## Assignment:
Determine how many lines in this listing contain the word "Unit" and report that number by itself.

======== Data extract ========

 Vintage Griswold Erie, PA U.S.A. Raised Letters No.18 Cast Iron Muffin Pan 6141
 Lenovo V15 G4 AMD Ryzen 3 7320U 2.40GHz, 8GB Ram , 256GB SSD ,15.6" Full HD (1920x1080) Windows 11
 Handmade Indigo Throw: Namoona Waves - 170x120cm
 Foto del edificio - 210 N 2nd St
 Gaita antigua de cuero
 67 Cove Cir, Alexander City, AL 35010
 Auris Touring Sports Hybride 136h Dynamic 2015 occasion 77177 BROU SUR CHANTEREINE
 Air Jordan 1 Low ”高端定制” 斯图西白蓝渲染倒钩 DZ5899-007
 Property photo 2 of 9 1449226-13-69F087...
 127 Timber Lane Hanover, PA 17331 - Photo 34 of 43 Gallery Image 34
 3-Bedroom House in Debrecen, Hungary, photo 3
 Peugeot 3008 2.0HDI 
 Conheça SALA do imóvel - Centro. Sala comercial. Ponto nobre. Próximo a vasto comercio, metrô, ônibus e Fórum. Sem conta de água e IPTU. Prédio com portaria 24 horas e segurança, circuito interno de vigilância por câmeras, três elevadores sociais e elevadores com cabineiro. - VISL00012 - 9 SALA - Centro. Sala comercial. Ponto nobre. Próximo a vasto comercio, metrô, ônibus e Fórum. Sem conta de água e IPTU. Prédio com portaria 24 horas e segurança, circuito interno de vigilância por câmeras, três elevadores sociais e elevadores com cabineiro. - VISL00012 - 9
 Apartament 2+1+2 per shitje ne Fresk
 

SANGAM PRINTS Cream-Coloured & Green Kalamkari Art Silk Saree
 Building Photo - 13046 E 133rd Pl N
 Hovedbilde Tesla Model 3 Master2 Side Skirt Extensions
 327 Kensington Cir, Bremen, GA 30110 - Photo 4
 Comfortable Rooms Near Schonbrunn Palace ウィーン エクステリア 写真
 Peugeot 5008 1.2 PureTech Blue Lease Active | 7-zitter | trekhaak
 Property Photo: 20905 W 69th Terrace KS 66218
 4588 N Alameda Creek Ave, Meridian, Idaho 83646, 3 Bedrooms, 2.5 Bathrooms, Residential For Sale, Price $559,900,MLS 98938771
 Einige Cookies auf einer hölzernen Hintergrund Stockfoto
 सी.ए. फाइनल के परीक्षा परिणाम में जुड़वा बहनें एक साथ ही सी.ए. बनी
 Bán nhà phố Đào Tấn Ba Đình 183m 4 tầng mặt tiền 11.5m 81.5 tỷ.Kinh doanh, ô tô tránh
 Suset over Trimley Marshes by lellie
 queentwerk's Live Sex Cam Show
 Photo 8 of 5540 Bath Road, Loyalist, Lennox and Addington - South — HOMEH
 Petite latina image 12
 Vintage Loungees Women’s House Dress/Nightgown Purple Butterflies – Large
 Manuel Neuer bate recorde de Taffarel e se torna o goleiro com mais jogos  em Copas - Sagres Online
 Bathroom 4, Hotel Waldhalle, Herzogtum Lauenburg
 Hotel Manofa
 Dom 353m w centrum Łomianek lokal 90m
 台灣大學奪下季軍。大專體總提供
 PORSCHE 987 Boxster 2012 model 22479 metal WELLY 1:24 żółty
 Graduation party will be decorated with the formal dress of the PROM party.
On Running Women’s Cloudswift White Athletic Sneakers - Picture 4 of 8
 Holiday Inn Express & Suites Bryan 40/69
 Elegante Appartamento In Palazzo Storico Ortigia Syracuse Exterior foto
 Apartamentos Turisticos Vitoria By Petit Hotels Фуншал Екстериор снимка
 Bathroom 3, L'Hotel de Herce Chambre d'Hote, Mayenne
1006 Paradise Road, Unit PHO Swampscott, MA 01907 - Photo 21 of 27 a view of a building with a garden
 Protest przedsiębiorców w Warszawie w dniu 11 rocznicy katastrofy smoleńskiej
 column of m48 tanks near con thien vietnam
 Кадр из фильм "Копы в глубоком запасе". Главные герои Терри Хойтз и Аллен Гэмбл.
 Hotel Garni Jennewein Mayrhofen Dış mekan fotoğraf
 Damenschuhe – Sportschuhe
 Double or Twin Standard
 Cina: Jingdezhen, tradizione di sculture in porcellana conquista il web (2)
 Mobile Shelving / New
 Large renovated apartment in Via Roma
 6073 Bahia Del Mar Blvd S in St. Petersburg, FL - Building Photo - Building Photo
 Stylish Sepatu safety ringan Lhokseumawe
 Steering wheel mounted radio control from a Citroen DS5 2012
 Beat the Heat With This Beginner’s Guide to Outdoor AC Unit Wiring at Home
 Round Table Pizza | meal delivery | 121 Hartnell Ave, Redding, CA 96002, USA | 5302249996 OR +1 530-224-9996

========

## Task result:
2